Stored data
*****
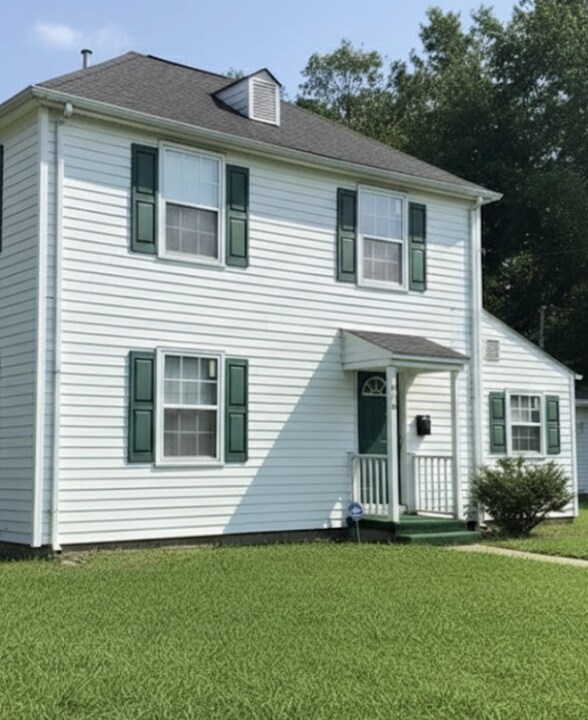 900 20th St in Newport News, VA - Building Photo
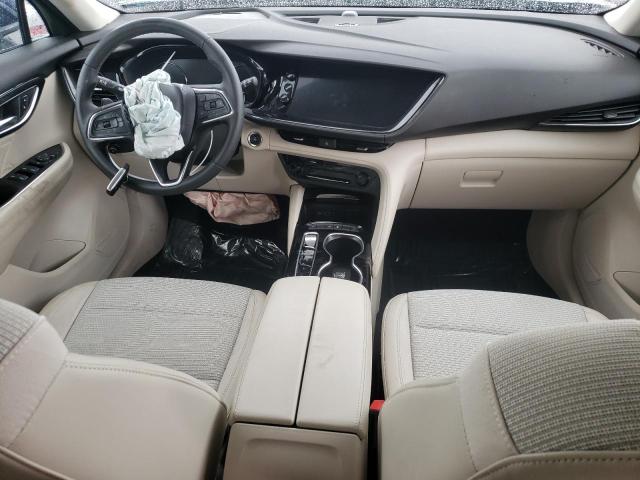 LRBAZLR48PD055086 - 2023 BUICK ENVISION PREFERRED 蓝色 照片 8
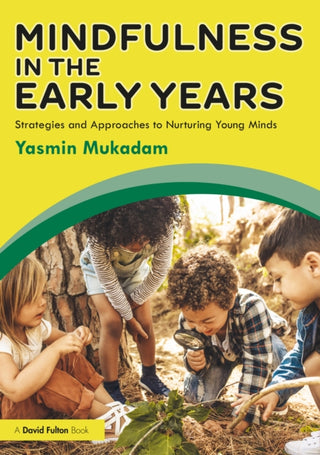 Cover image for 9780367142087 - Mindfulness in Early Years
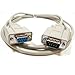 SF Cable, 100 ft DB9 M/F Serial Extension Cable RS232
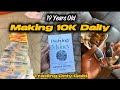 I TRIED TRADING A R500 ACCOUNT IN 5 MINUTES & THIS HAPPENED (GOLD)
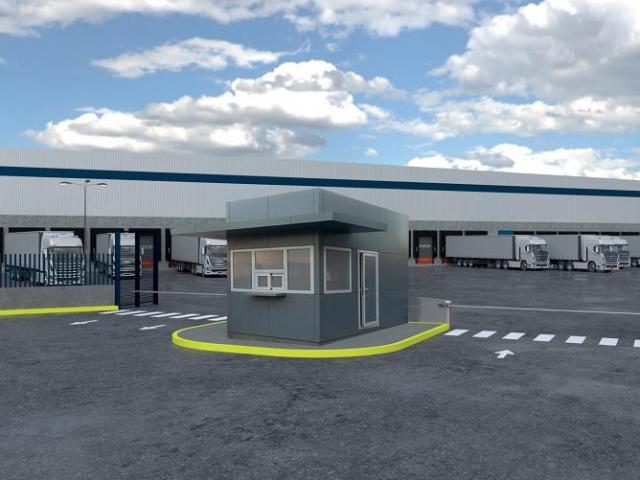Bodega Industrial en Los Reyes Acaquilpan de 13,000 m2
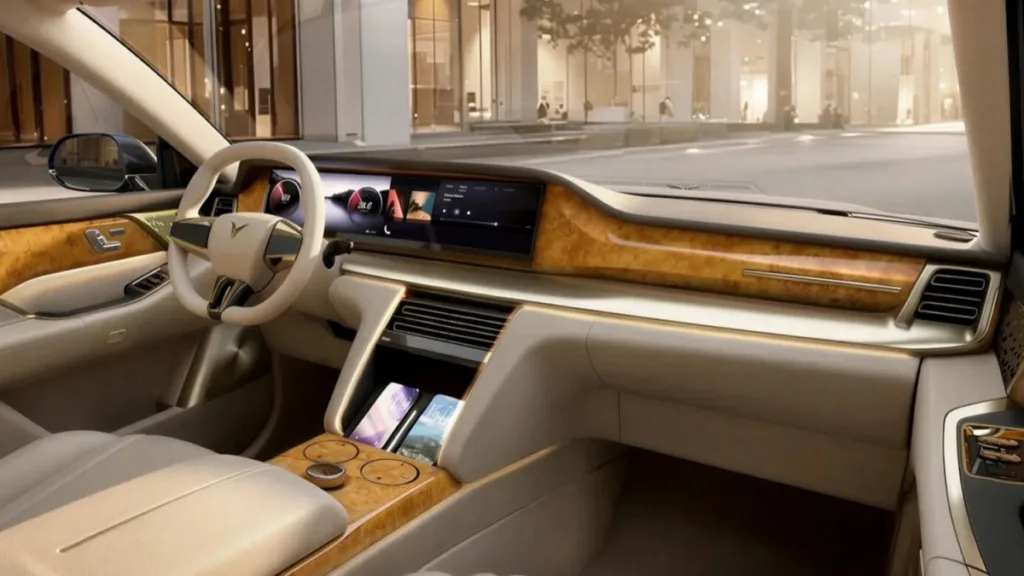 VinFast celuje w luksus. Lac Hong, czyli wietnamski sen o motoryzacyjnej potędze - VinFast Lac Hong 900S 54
*****
• _PROBLEM REQUIREMENTS_: Starting where a line contains "Bodega Industrial en" and finishing at the last line above, set down every line exactly as it reads, with no pictures.

• _EXERCISE OUTPUT_:
Bodega Industrial en Los Reyes Acaquilpan de 13,000 m2
 VinFast celuje w luksus. Lac Hong, czyli wietnamski sen o motoryzacyjnej potędze - VinFast Lac Hong 900S 54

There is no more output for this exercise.